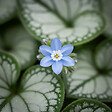 BLOOMIQUE - Lot de 3 - Brunnera Macrophylla - Myosotis du Caucase - Plante de Jardin - H. 10-20 cm - P. 9 cm - vignette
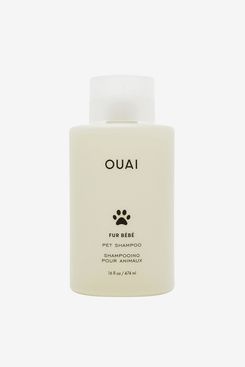 Designer dog outlet shampoo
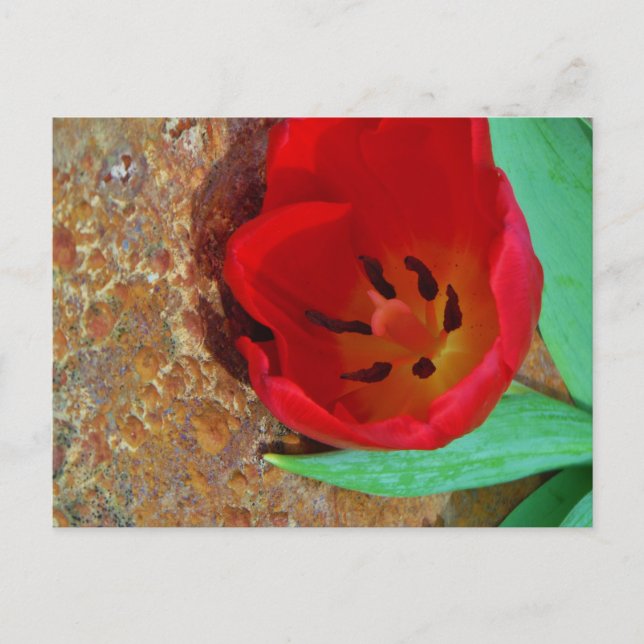 Frühlinggelb und Roter Tulip Postkarte (Vorderseite)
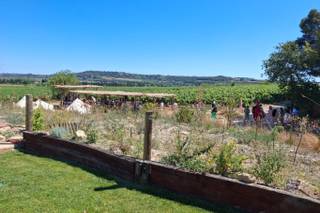 Domaine de la Grande Canague - 13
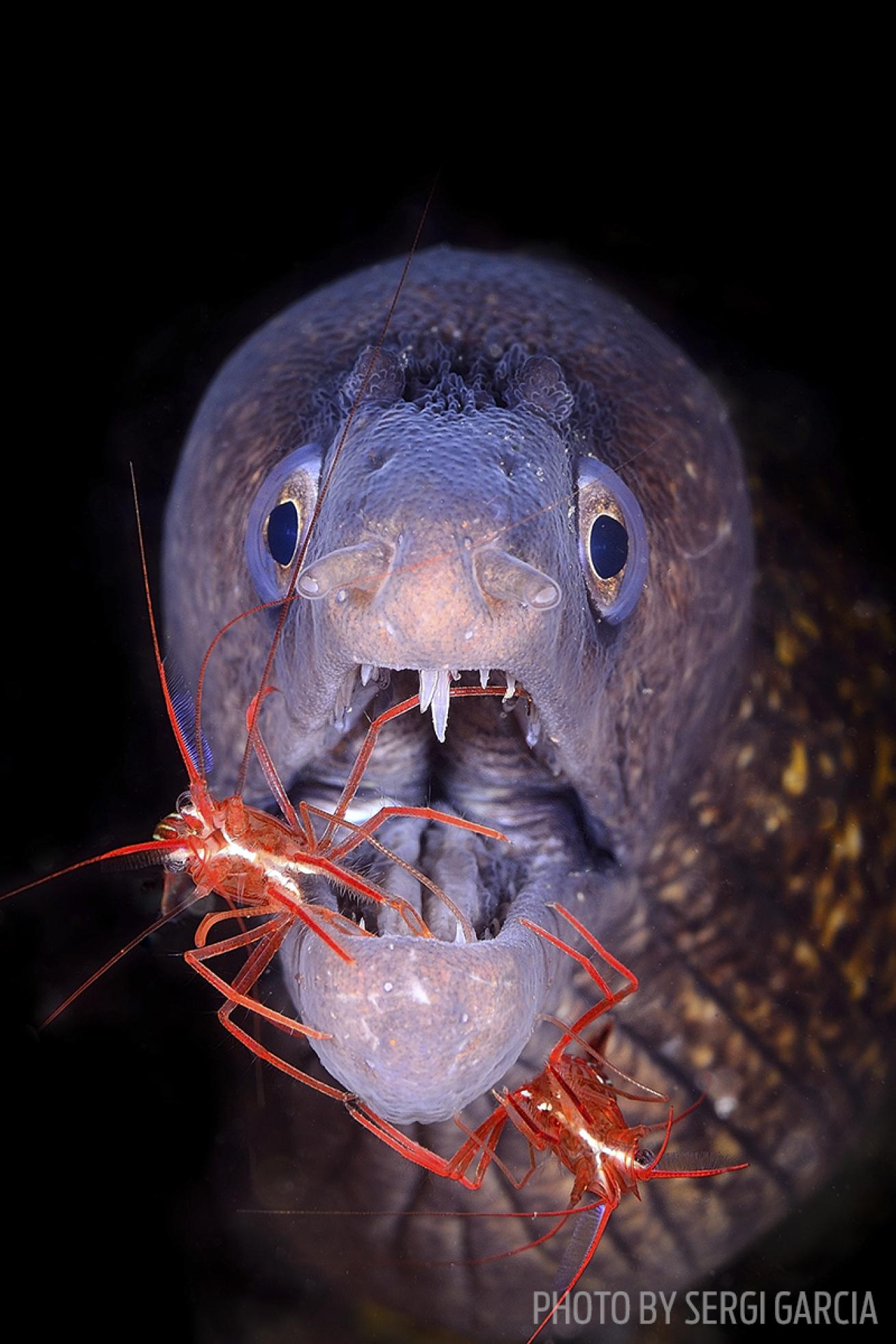 shrimp moray dive clean underwater photography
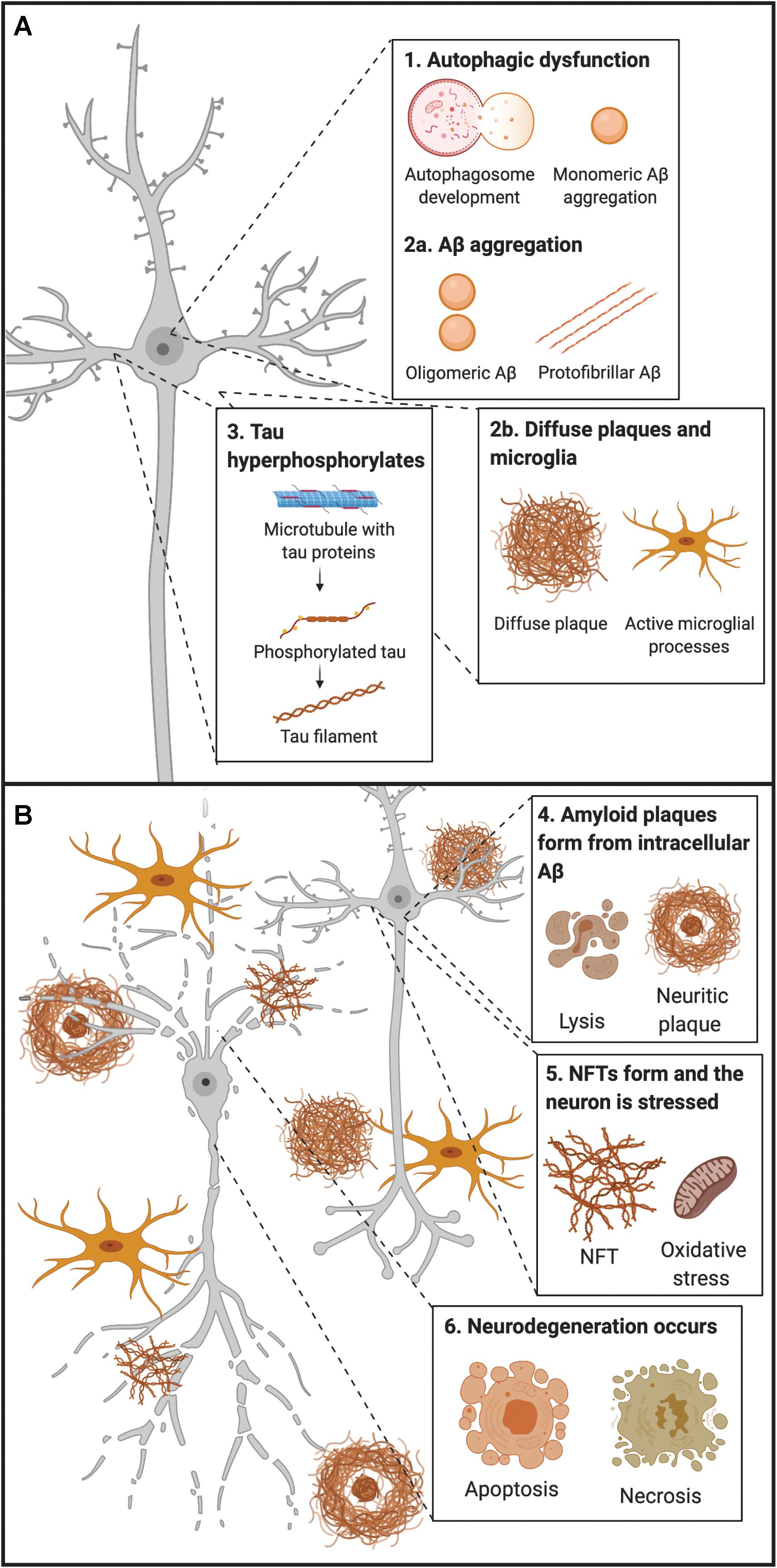 PDF) Blood Biomarkers of Alzheimer's Disease and Cognition: A Literature  Review.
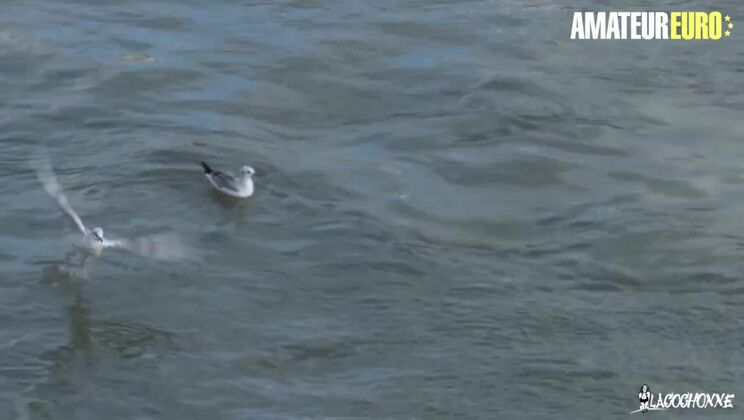 AmateurEuro - Slutty Petite Dutch Teen GETS Creampied and Cum In Mouth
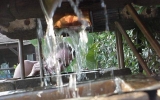 Shane_s_fountain_001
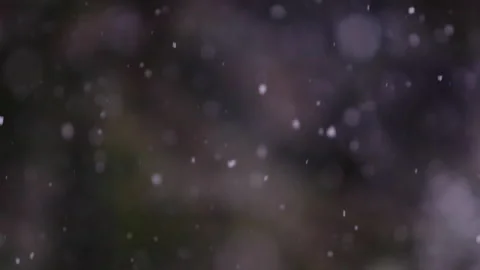 Snow falling in the forest Stock Footage 148228366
══════
- [Exercise goal]
No picture is to be included when the lines from the one containing "Designer dog outlet shampoo" through the end of the material above are output exactly; nothing else is written.

- [Solved problem]
 Designer dog outlet shampoo
 Frühlinggelb und Roter Tulip Postkarte (Vorderseite)
 Domaine de la Grande Canague - 13
 shrimp moray dive clean underwater photography
 PDF) Blood Biomarkers of Alzheimer's Disease and Cognition: A Literature  Review.
 AmateurEuro - Slutty Petite Dutch Teen GETS Creampied and Cum In Mouth
 Shane_s_fountain_001
 Snow falling in the forest Stock Footage 148228366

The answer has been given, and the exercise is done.